When it doesn't work after install allennlp==0.8.3
from allennlp.modules.elmo import batch_to_ids
and appears errors like this one
TypeError: Highway.forward: return type <class 'torch.Tensor'>is not a<class 'NoneType'>.
So how to solve it, we should changed the version as this reference

pip uninstall overrides
pip install overrides==3.1.0

it's works fine to me..

Issue 6

there's an errors about several steps from this references that from file in /util/nlp_utils.py in line 225 because we have mentioned that GLOVE as our model with keyedvectors from glove to word2vec as mentioned in Issue 1

if token in GLOVE.vocab:
    token_in_glove = token
elif token.lower() in GLOVE.vocab:
      token_in_glove = token.lower()

to be

if token in GLOVE.key_to_index:
    token_in_glove = token
elif token.lower() in GLOVE.key_to_index:
      token_in_glove = token.lower()

Issue 7

I've got so many issue when I'm using the run_glue.py
For my best solution, we don't take risk about local_rank,
because of that, I can't use the CUDA for only one channel..
So I have been inactivate all the syntax that cause of problems..
and also about config, tokenizer, and model from pretrained data.
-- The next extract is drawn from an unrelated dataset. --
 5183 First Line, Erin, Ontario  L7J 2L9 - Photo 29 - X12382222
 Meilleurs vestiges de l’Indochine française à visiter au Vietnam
I recommed you to download the pretrained data from internet, because
When we are not able to download the model from offline, This is the best solution so far..
we should consider to use proper syntax like this:

MODEL_CLASSES = {
    'bert': (BertConfig, BertForSequenceClassification, BertTokenizer, BertModel, 'bert-base-uncased'),
    'xlnet': (XLNetConfig, XLNetForSequenceClassification, XLNetTokenizer, XLNetModel, 'xlnet-base-cased'),
    'xlm': (XLMConfig, XLMForSequenceClassification, XLMTokenizer, XLMModel, 'xlm-mlm-enfr-1024'),
}
....

config_class, model_sequence_class, tokenizer_class, model_class, model_name = MODEL_CLASSES[args.model_type]
...
config = config_class.from_pretrained(model_name)
tokenizer = tokenizer_class.from_pretrained(model_name)
model = model_sequence_class(config)
or
model = model_class.from_pretrained(model_name)

but there's several error during this training this..

so we must using code like..

Example code to resolve the issue

from torch import nn
from pytorch_transformers import XLNetConfig, XLNetModel

Load the configuration

config = XLNetConfig.from_pretrained("xlnet-base-cased")

Check if config.n_token and config.d_model are positive integers

if config.n_token <= 0 or config.d_model <= 0:
# Modify config.n_token and config.d_model to be positive integers
config.n_token = 32000
config.d_model = 768

Create the XLNet model

model = XLNetModel(config)

After I've done with this syntax, no more conflict after that..
because if we are looking from offline pretrained, sometimes it have several errors..

Issue 8

Because I can't use several metada that I can't find it..
please give me proper metadata link, that I can download for now..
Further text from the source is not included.